面と向かって言えない「嫌い」の話

 今、言論の場では主語を大きくしがちな人が増えている。

 「日本が」「外国が」といった括りだけでなく、「表現の自由戦士」「クソフェミ」「子供部屋おじさん」といった造語めいたものを持ち出して、批判対象をグループ化してしまう人達が、最近やけに存在感を放っている。個別の内容に対してとやかく言うつもりはないし、今この記事を読んでいる人が僕の意見に賛同することを求めているわけでもないのだが、この集団に括ろうとする傾向は、正直言ってあまり宜しいものではない。

 この論法の第一の問題点は、際限なく敵を増やし続けてしまうことだ。特定の属性が含まれるという体で相手を括って批判すると、本来議論を吹っ掛けるべき相手よりも、括りのとばっちりを食らって苛立つ部外者の方が多くなる。だから、論者が相手をしようと思っている人からは反応がないにもかかわらず、外野から大量の批判や暴言を投げつけられるといった状況に陥りやすい。批判し合う双方が集団括りの論法を使っていた場合はいっそう良くない状況を招く。お互いに取り巻きばかりを刺激し合って、制御の利かない乱闘状態に発展してしまう。あくまで当事者同士が批判をぶつけていればあっさり終わったはずの議論が、やけに大きく中身のない論争となって延々と燃え続ける様は、あまりにも醜く見ていられない。

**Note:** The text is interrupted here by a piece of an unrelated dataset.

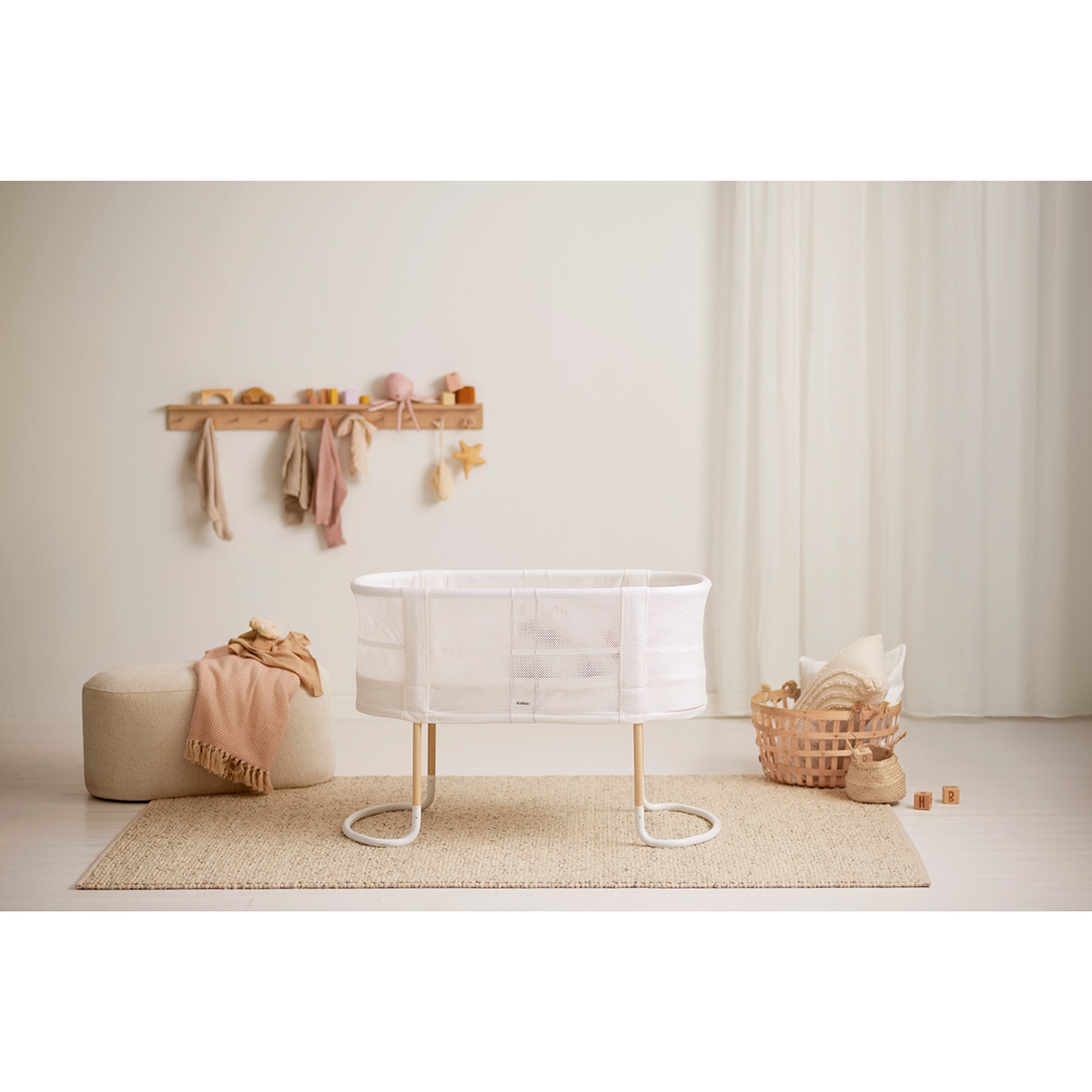 Berço em Tecido Transpirável 57x110 cm - Branco Branco-13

 第二の問題点は、括り方そのものに差別的な観点や恣意的な分類が少なからず入ることだ。言論の内容を聞けば保守思想が薄くリベラル寄りなのに、自分の主張と相いれないからというだけで相手を「右翼」呼ばわりする人は、ネットの内外を問わずよく見かけることだろう。あるいは「子供部屋おじさん」のように、それまで規定してこなかったものを造語を用いて作り出し、一方的に見下したり排除すべき対象として扱う人もたびたび表に出てくる。こうした場合における集団の括りとは客観的なものではなく、むしろ個人の印象や固定観念によって一義的に決められてしまうものが多い。自己中心的でしかないにもかかわらず、対外的には何やら正当性があるもののように映ってしまうだけに、こうした決め付けの論法はとても質が悪い。

 こうした深刻な問題を抱えるやり方を、なぜ僕達は率先して使おうとするのだろうか。単刀直入に言えば、これは「嫌い」を面と向かって言えない心理ゆえの現象だろう。たとえば誰か一人の相手が嫌いなら、直接その相手に嫌いといえば済む。けれど、面と向かって嫌いなことを表明できる人は現実には少ない。それは社会において、「私は嫌い」「あなたは嫌い」という単独で完結した事象として終わることが少ないからだ。